DVD Studio Pro is a discontinued high-end software tool published by Apple Inc. to allow users to create DVD masters to be sent out for replication at production houses. Its tight integration with other Apple applications allowed users to take Final Cut Pro and Motion projects and render them into the DVD format without encoding to intermediary formats.

==History==

Apple bought Astarte's DVDirector in 2000, re-releasing it as DVD Studio Pro in 2001. Version 1.5, still based on this original code, was released in April 2002. In the meantime Apple had acquired Spruce Technologies in 2001, and was retooling the DVD authoring package that came with that acquisition (DVD Maestro). In August 2003, Apple released DVD Studio Pro 2, with a new interface. DVD Studio Pro 3 was released in 2004.

In April 2005, Apple updated DVD Studio Pro to support authoring HD content. DVD Studio Pro 4 allowed for the burning of HD DVD content to both standard DVDs and HD DVD media (even though no HD DVD burners were available for Macintosh). For playing back HD DVD content burned to a standard DVD, Apple requires a PowerPC G5, Apple DVD Player v4.6, and Mac OS X v10.4 or later. Version 4 was the first version to drop support for Mac OS 9.

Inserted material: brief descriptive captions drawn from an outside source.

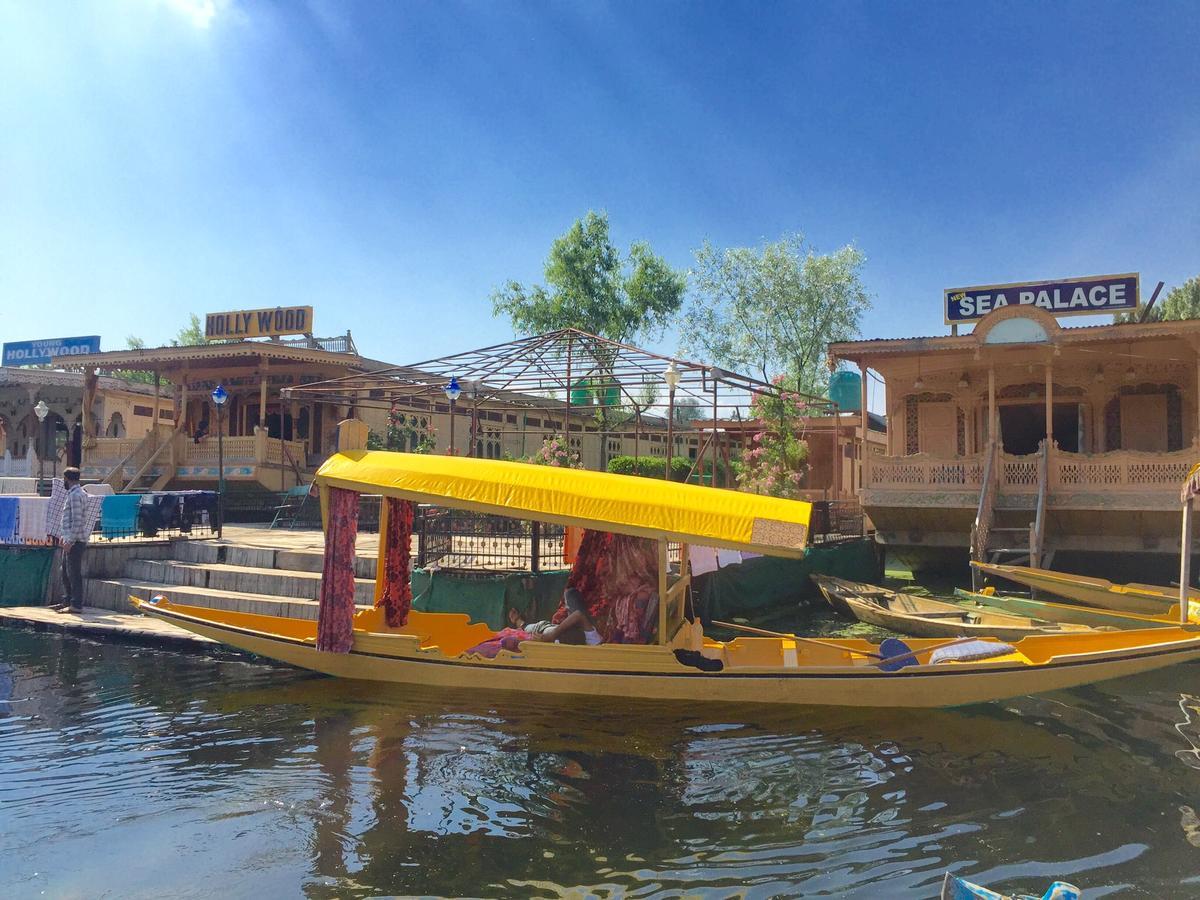 New Sea Palace Houseboats Srinagar  Bagian luar foto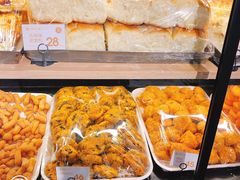 -昆明冠生园·蛋糕·面包(南强街店)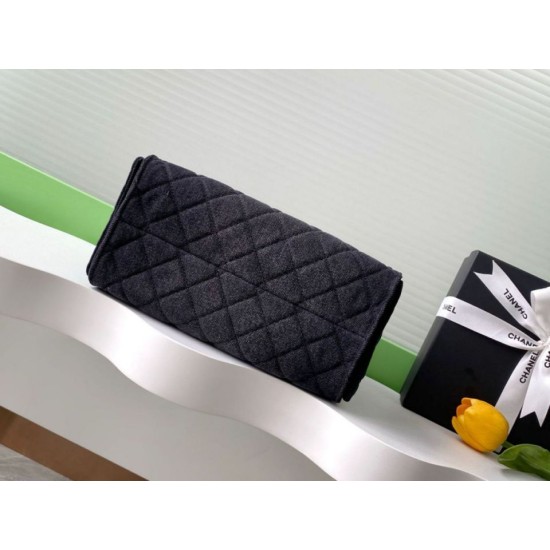 Replica Chanel AS5293 Borsa 1:1 a secchiello piccola Hobo Vintage con coulisse in denim nero Imitazioni Replica Chanel AS5293 Borsa 1:1 a secchiello piccola Hobo Vintage con coulisse in denim nero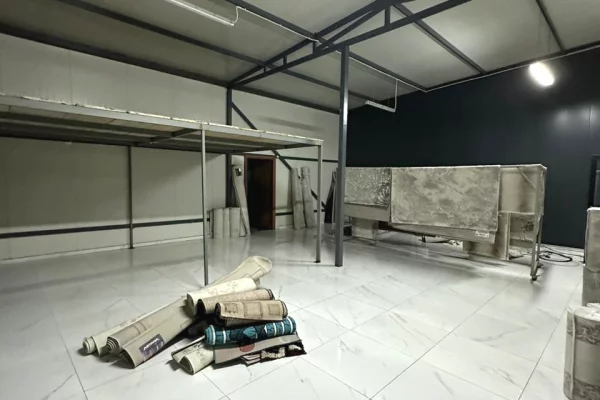 Jepet me qera kapanon+oborr ne Kamez Buze rruges Kryesore/100.000 leke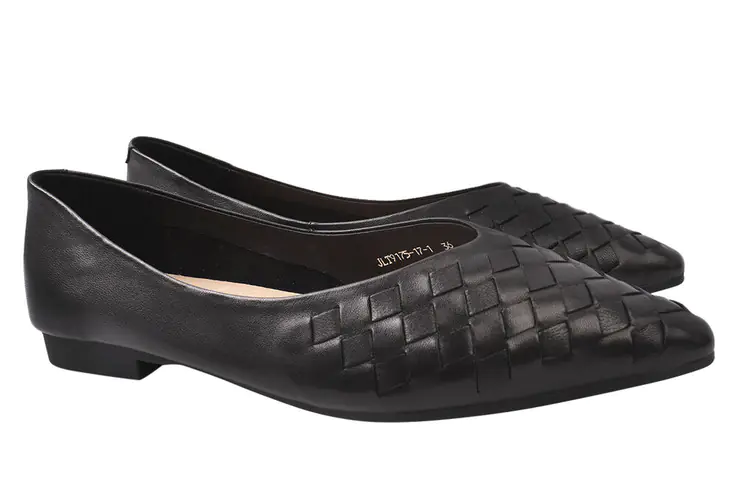 Туфлі жіночі з натуральної шкіри на низькому ходу Чорні Berkonty 331-21DTB фото 1 — інтернет-магазин Tapok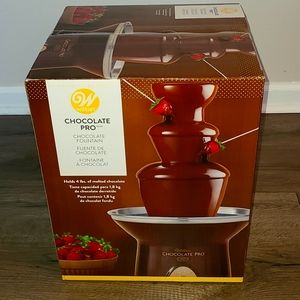 NEW Wilton Chocolate Pro Chocolate Fountain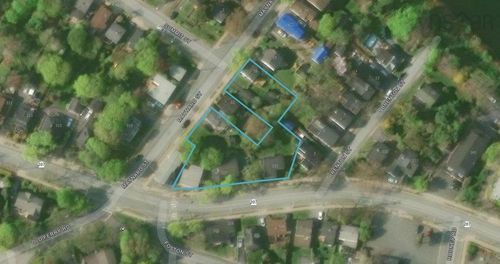 327 Portland Street, Dartmouth, NS, B2Y1K5 | Card Image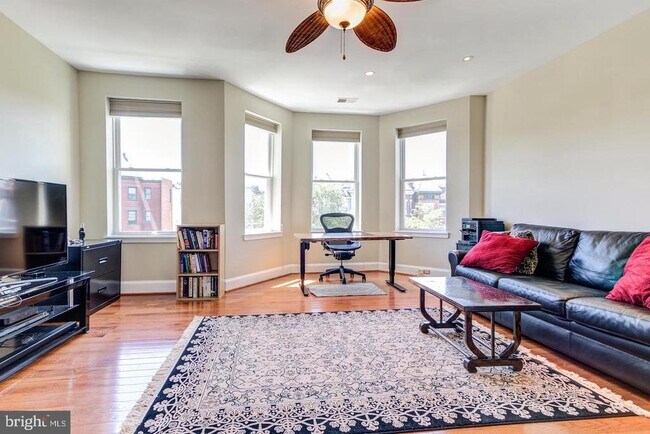 Building Photo - 2717 13th St NW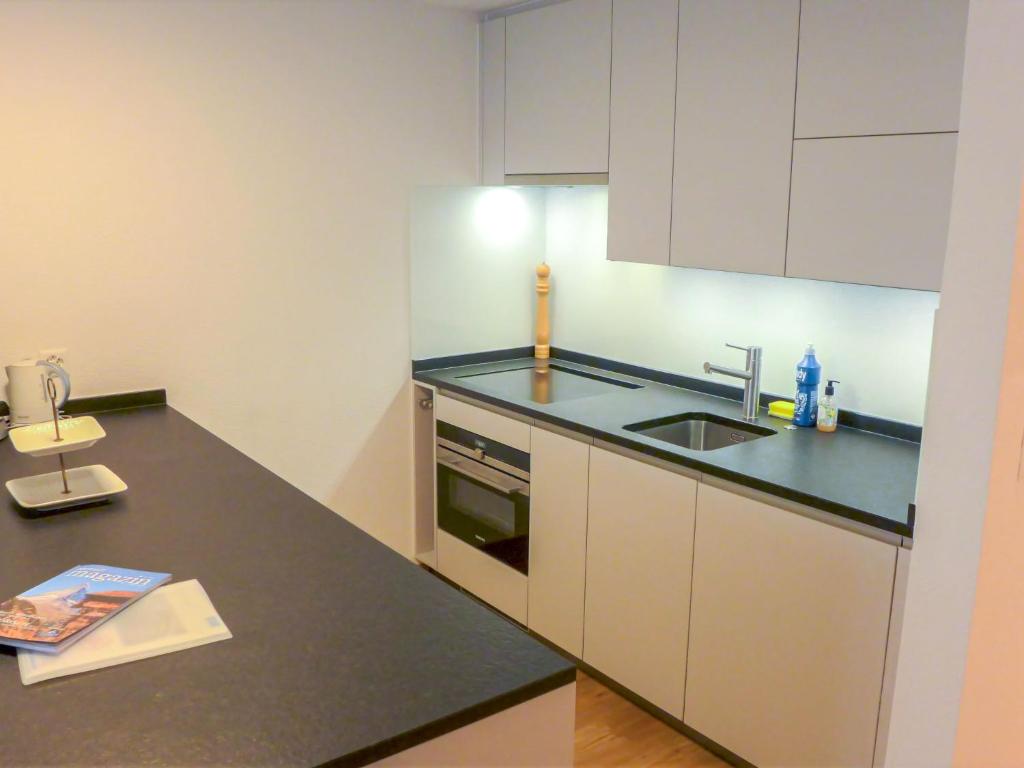 Apartment Pasadena-3 by Interhome - 3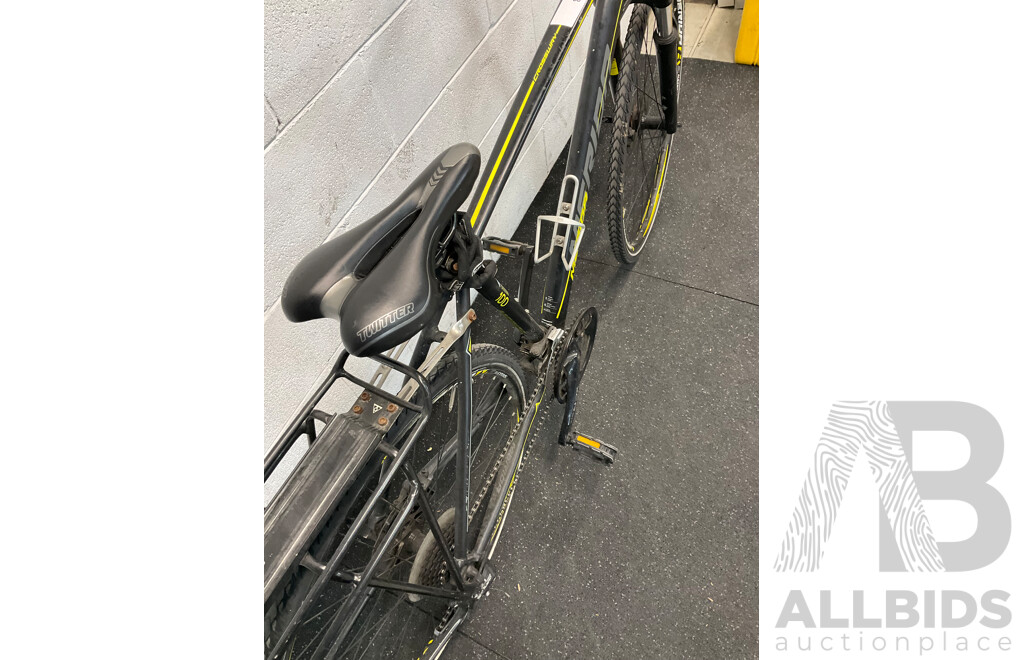 MERIDA Crosway 100 Hybrid Bike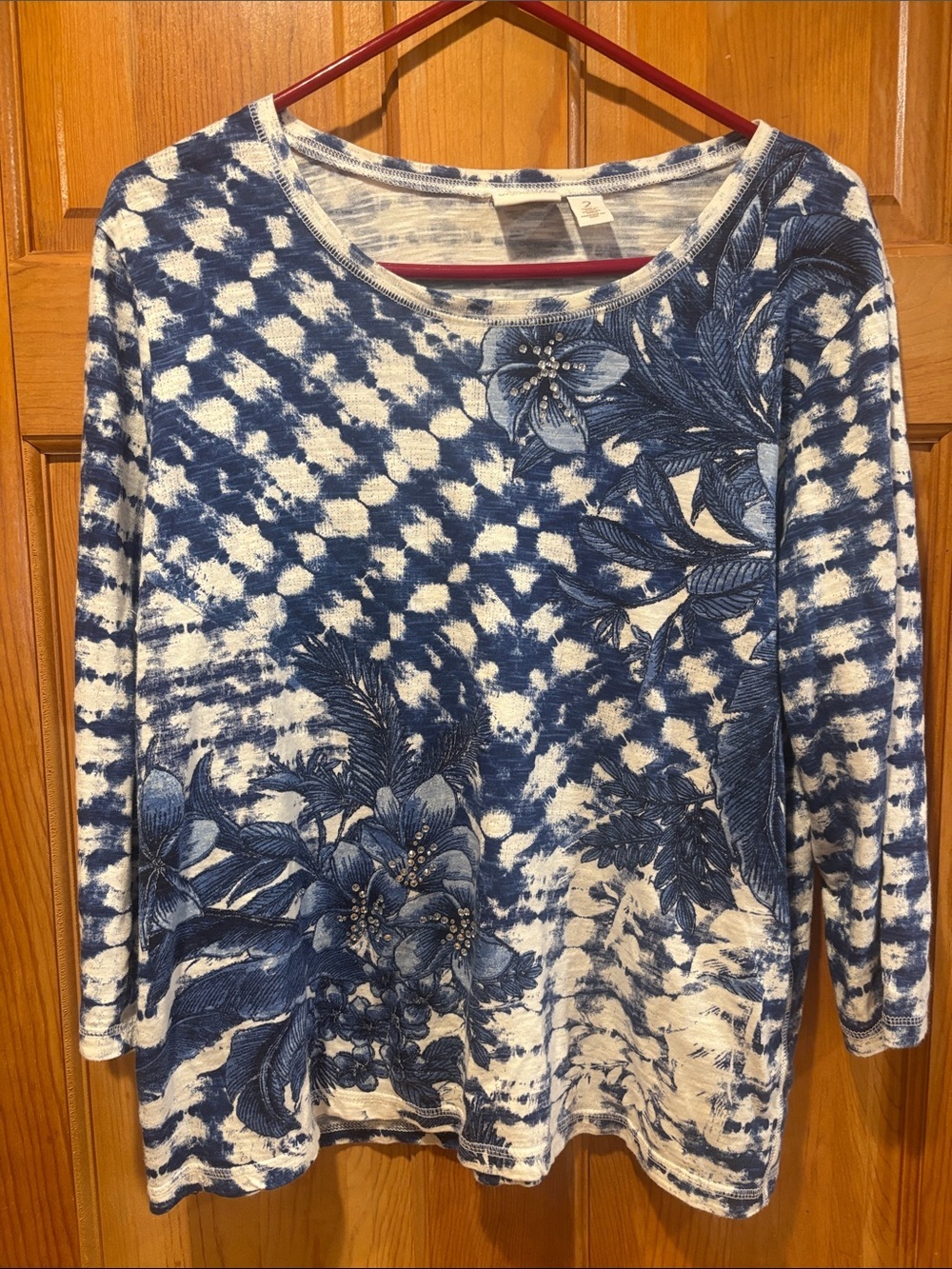 Chico's Blue & White Floral Tie-Dye Long Sleeve Tee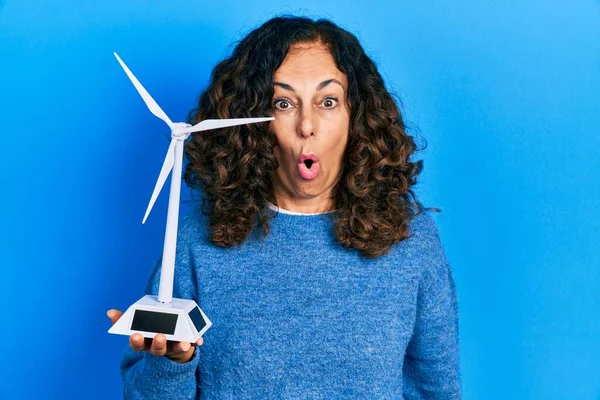 再生可能エネルギーのための太陽光発電所を保持している中世のパニック女性は恐怖と驚きのために口を開けて驚いて 不信の顔 — ストック写真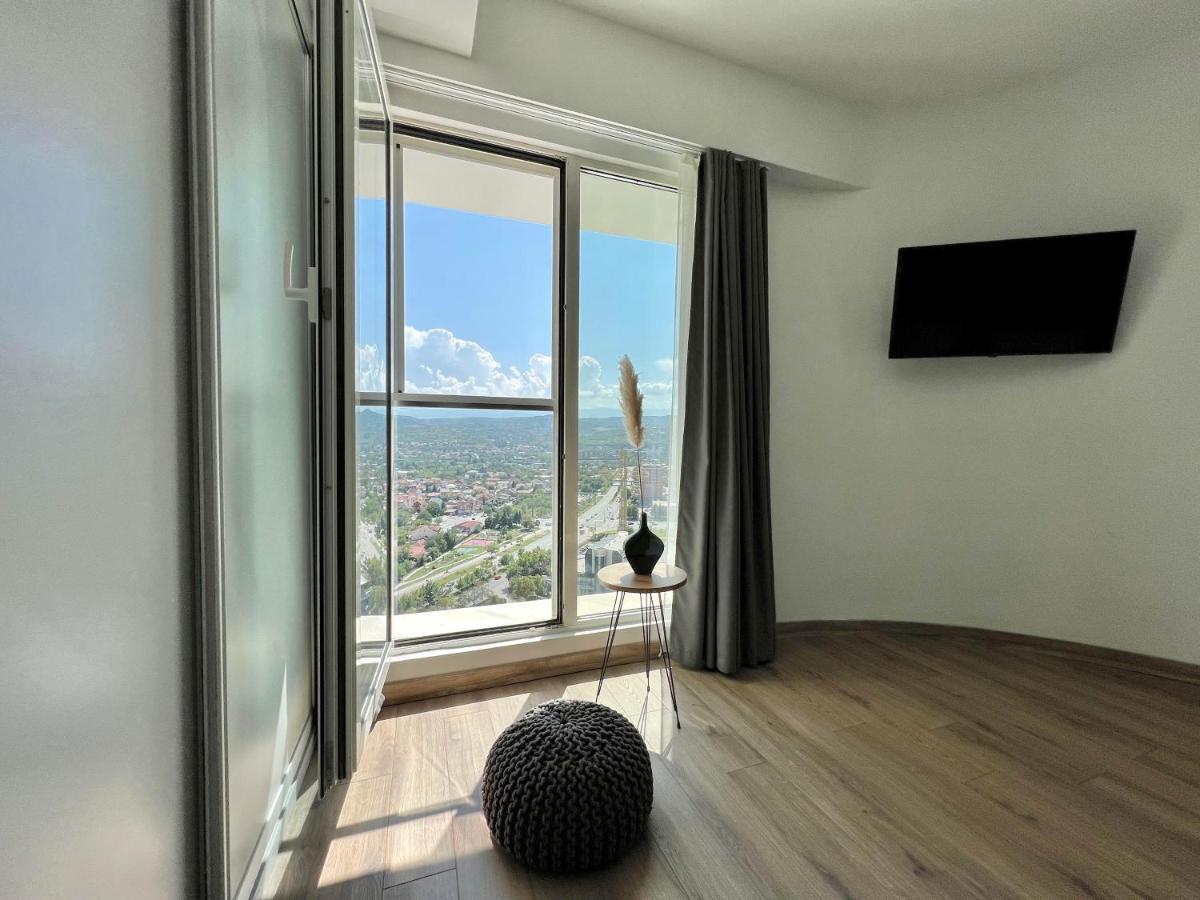 Merdz Spa & Fitness Sky Apartment Skopje Exterior photo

In January 2006, Apple stopped offering DVD Studio Pro as a stand-alone product, selling it only as part of the Final Cut Studio suite. The 4.0.3 update, released in the same month, upgrades the program to the finalized HD DVD 1.0 specification. It also supports the native H.264 specification. The 4.2 update, which shipped with the Final Cut Studio 2 release, was simply a compatibility update and did not add any major new features.

==Features==
DVD Studio Pro has a graphical "map" view, which shows all the menus, tracks and scripts in the project as color-coded tiles, with the connections between them as arrows. New menus, layered menus, scripts and slideshows can be created from this view and arranged; and the item that will play first on the DVD can be set. Assets (i.e. photos, sounds and Motion projects) are imported into the asset manager and can then be dragged and dropped into one or more places within the project (creating a link to the asset rather than duplicating it). Menus can be created with templates, or pre-made buttons, and with the help of dynamic guidelines they can be kept in a grid arrangement.

Other features include:
- Subtitle creation
- Implementation of CSS and Macrovision copy protection for SD DVDs
- Editing of GPRM and SPRM registers
- Disabling certain functions on particular menus
- Creating multiple language versions of a menu
- Creating multiple versions ("stories") of a video project, for example, a director's cut
- DVD@CCESS feature for web links in menus
- A range of transition effects to set between menus

==Workflow==
The video project is typically sent from Final Cut Pro to Compressor, where it can be converted into the DVD MPEG-2 format with Dolby Digital (ac3) or AIFF sound. Menus with motion graphics can be created in Motion. It is possible to set the menu's loop point in either Motion or DVD Studio Pro; likewise it is possible to define chapters within either Final Cut Pro or DVD Studio Pro. The menus and the encoded video assets are imported into the application and the menu system is constructed; afterwards it can be simulated in a mock DVD player interface. The final VIDEO_TS or HVDVD_TS directory for the DVD can be created using the "Build" feature. The "Format" function takes this directory and writes it to a disc or disk image. Alternatively, a sample DVD can be burnt to disc in one step.